Modeling of Kashmir Aftershock Decay Based on Static Coulomb Stress Changes and Laboratory-Derived Rate-and-State Dependent Friction Law

Abstract

We model the spatial and temporal evolution of October 8, 2005 Kashmir earthquake’s aftershock activity using the rate-and-state dependent friction model incorporating uncertainties in computed coseismic stress perturbations. We estimated the best possible value for frictional resistance “Aσ n”, background seismicity rate “r” and coefficient of stress variation “CV” using maximum log-likelihood method. For the whole Kashmir earthquake sequence, we measure a frictional resistance Aσ n ~ 0.0185 MPa, r ~ 20 M3.7+ events/year and CV = 0.94 ± 0.01. The spatial and temporal forecasted seismicity rate of modeled aftershocks fits well with the spatial and temporal distribution of observed aftershocks that occurred in the regions with positive static stress changes as well as in the apparent stress shadow region.
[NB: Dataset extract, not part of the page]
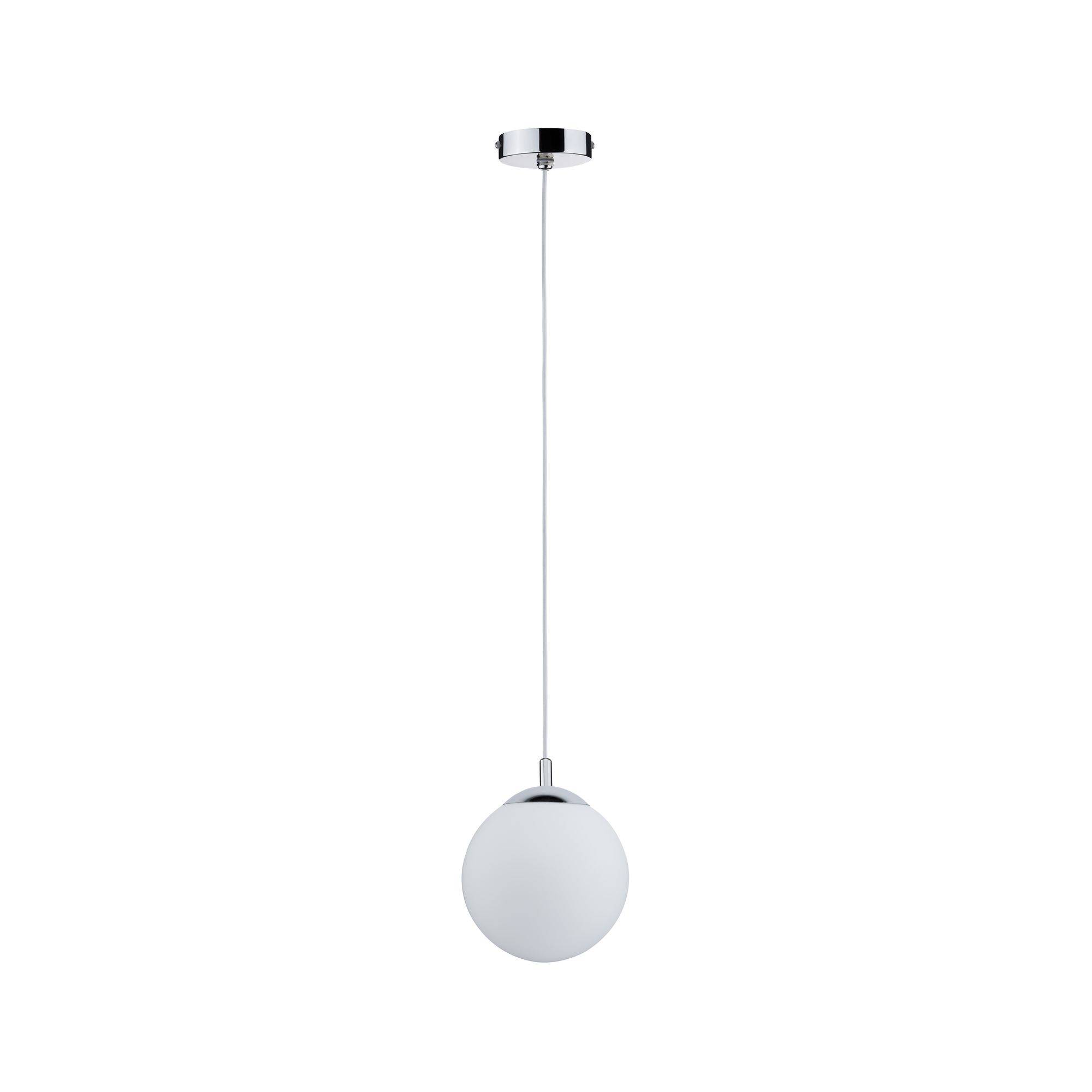 Suspension blanche de forme sphérique, suspendue par un câble et un baldaquin argentés, flottant dans un espace vide. Design minimaliste.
To quantify the effect of secondary aftershock triggering, we have re-run the estimations for 100 stochastically declustered catalogs showing that the effect of aftershock-induced secondary stress changes is obviously minor compared to the overall uncertainties, and that the stress variability related to uncertain slip model inversions and receiver mechanisms remains the major factor to provide a reasonable data fit.